Sun Ze no estaba satisfecho:
—Si no hay nadie en la etapa de Establecimiento de Fundación, ¿no nos hemos ocupado por nada?
Y tú fuiste tan humilde y complaciente, ¿acaso lo merecen?
—¡Di menos de tales comentarios ignorantes!
—Sun Yi reprendió con el ceño fruncido—.
Un verdadero hombre puede doblegarse y estirarse.
¿Qué hay de malo en ser humilde y complaciente?
La sala de estar de la Familia Sun estaba decorada regalmente.
Sun Yi se sentó, una hermosa sirvienta se acercó para ofrecer té, y después de tomar un sorbo, reflexionó por un momento antes de decir lentamente:
—Entre este grupo de cultivadores, incluso si no hay nadie en la etapa de Establecimiento de Fundación, sus identidades no deben ser ordinarias…

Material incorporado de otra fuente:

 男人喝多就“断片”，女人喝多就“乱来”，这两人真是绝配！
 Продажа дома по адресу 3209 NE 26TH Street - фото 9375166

La mirada de Sun Ze, alejándose a regañadientes de la cintura de la sirvienta, asintió en acuerdo y dijo:
—Eso es cierto, ese anciano conduciendo el carro, el joven muchacho con porte impresionante, y esa bonita joven, todos tienen un temperamento extraordinario…
—Y ese Sr.
Zhuang, o es un verdadero experto con un aire de inmortalidad, o es un verdadero gran fraude…
Sun Ze los contó a todos, pero solo Mo Hua quedó fuera.
Para Sun Ze, Mo Hua solo parecía un poco más inteligente, no digno de su atención.
—Papá —Sun Ze se inclinó y susurró—, ¿qué vamos a hacer a continuación?
Las cejas de Sun Yi se elevaron, dejó la taza de té y dijo con voz tranquila:
—Observar por unos días.
Si están más allá de nuestro alcance, los tratamos con cortesía…
—¿Y si están a nuestro alcance?
Sun Yi miró a Sun Ze, su mirada algo secreta:
—…
entonces debemos tratarlos bien de todos modos.
Sun Ze también sonrió.
…
La Familia Sun preparó dos grandes habitaciones de invitados para Mo Hua y los demás.
Una para que el Sr.
Zhuang y el Viejo Kui se hospedaran, y la otra para los tres niños, incluyendo a Mo Hua.
Aunque llamadas grandes habitaciones de invitados, también estaban exquisitamente dispuestas con juegos completos de porcelana, biombos, y la quema de sándalo, con humo elevándose.
Había cinco o seis camas colocadas una al lado de la otra, cada cama cubierta con suaves mantas.
Bai Zixi se sentó con las piernas cruzadas, elegante y tranquila mientras meditaba.
Los dos hermanos de Mo Hua estaban acostados en las camas, susurrando entre ellos.
—Ese apellidado Sun no parece un buen tipo.
—¿Cuál apellidado Sun?
—¿Hay algún otro apellidado Sun?
—Un padre, un hijo…
—Ninguno parece buena persona.
—Exactamente, sus sonrisas son demasiado falsas.
—Una sonrisa que no llega a los ojos.
—Demasiado entusiastas, deben estar albergando motivos ocultos.
—Ninguna buena acción se ofrece sin una agenda oculta…
…
Mientras los dos murmuraban entre sí, a Bai Zixi le resultó imposible continuar su cultivo y solo pudo abrir sus ojos, amplios como aguas otoñales, y mirarlos desamparada.